I think AVR is pretty weird. :slight_smile:

If the dynamic alloca has a higher alignment requirement than the ABI guaranteed stack alignment, the correct way to handle it is to realign the stack pointer in PrologEpilogInserter. You shouldn’t try to deal with this in the lowering code

I’m out of my depth, I’ll happily admit, but I’m not sure how to handle the super weird AVR stack pointer requirements efficiently without the above code. Especially in my case where the frontend is emitting a load of complex dynamic allocas and potentially they might each require some kind of alignment requirement on the returned pointers as well as exact size, etc. and need to be as efficient as possible on these teeny devices.

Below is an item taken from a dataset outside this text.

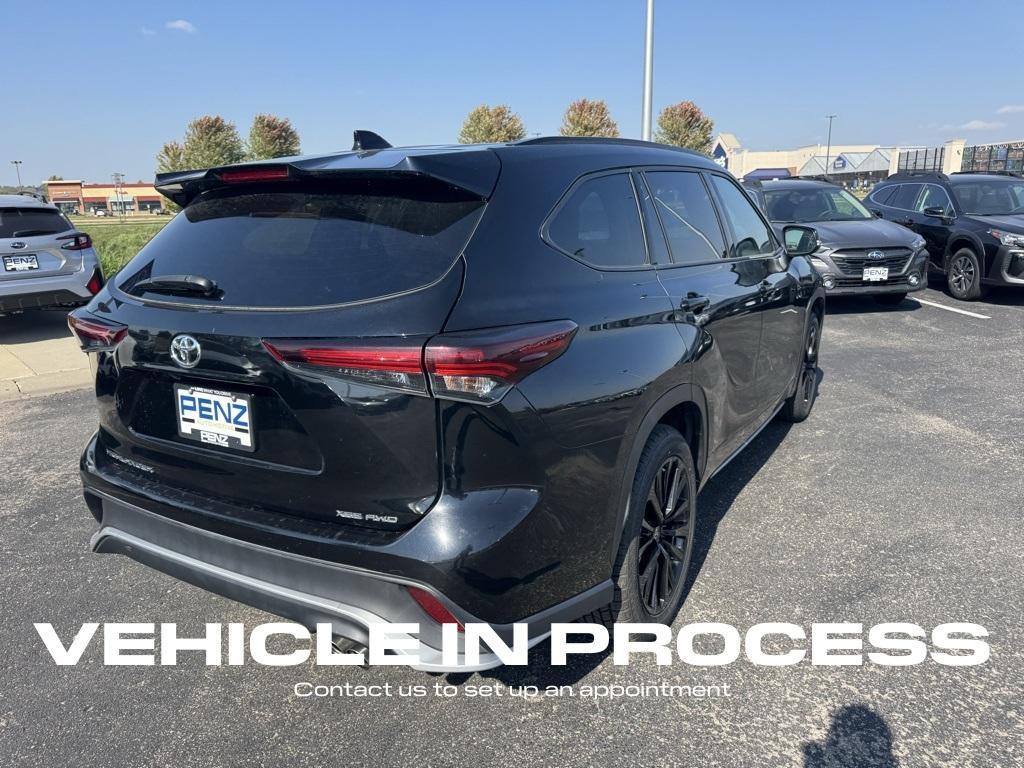 used 2024 Toyota Highlander car, priced at $40,900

Maybe the best approach is I raise the “PR” (wrong word I know) on Phabricator, including your comment above (and of course suitable unit tests) for the attention of the AVR maintainers, who probably understand more than me about the weirdness of this platform?

Then they can rip apart my ideas and we can get somewhere. Is that OK?

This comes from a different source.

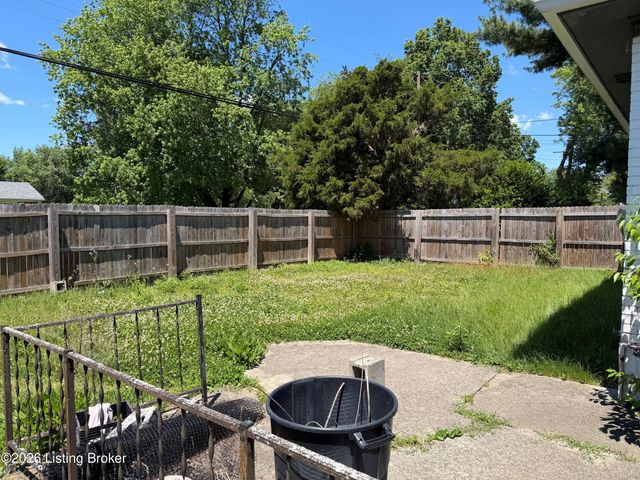 4717 Idle Hour Dr, Louisville, KY 40216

Yes, post the patch to phabricator. I would recommend against special casing the align 1 case. Just emit the code to align the pointer. If you need to implement dynamic stack realignment, that would be a separate patch

Normally you’d branch on Alignment > TFL->getStackAlignment() and emit overaligning code there as needed.